400 TONNES OF WASTE DREDGED FROM THAMES
Filed under: Networks News Reduce, Reuse & Recycle
The River's rising tide of plastic rubbish...
MORE than 400 tonnes of rubbish were pulled out of the Thames last year, new figures have revealed.
The majority of the waste was plastic: a threat to wildlife along the waterway and at sea, according to the Port of London Authority, which looks after the tidal Thames. "We have noticed a discernible year-on-year increase in the amount of rubbish in the Thames," said the PLA's Martin Garside. "We get all sorts of rubbish, including street signs and driftwood, but the biggest problem is plastic."
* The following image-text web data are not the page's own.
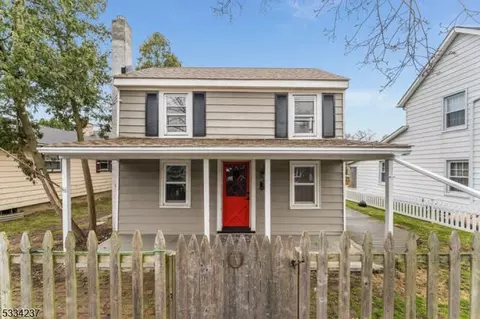 1175 6th Ave, Alpha, NJ 08865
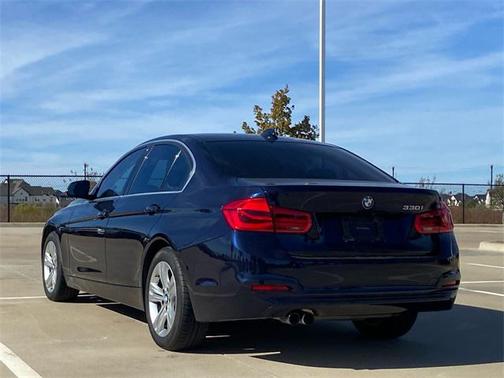 2017 BMW 330 330i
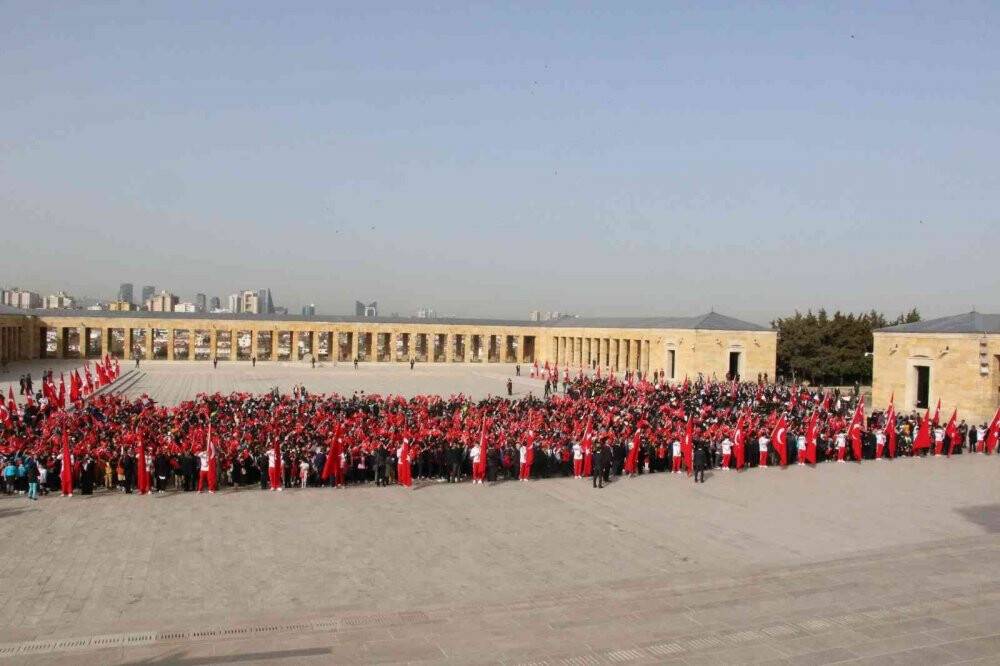 Milli Eğitim Bakanı Özer, 23 Nisan Ulusal Egemenlik ve Çocuk Bayramı dolayısıyla Anıtkabir’de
The PLA has strategically placed rubbish collection rafts at eight points along the river in central London. They are regularly emptied and their contents put into landfill because much of it is too low-grade to be recycled. The waste is a problem for shipping, as it can get stuck in propellers. Wildlife is also put at risk, particularly seabirds. "The rubbish we don't manage to clean up ends up in the North Sea, where it also has an environmental impact," said Garside.
KEEP IT CLEAN
• There have been several Thames clean-ups, which included water firms spending £12bn in 1990 and 2005.
• Thames Water has two vessels, with each pumping 30 tonnes of oxygen a day into the river.
• Once known as "London's sewer", the Thames is now the cleanest metropolitan
river in Europe, supporting 119 species of fish.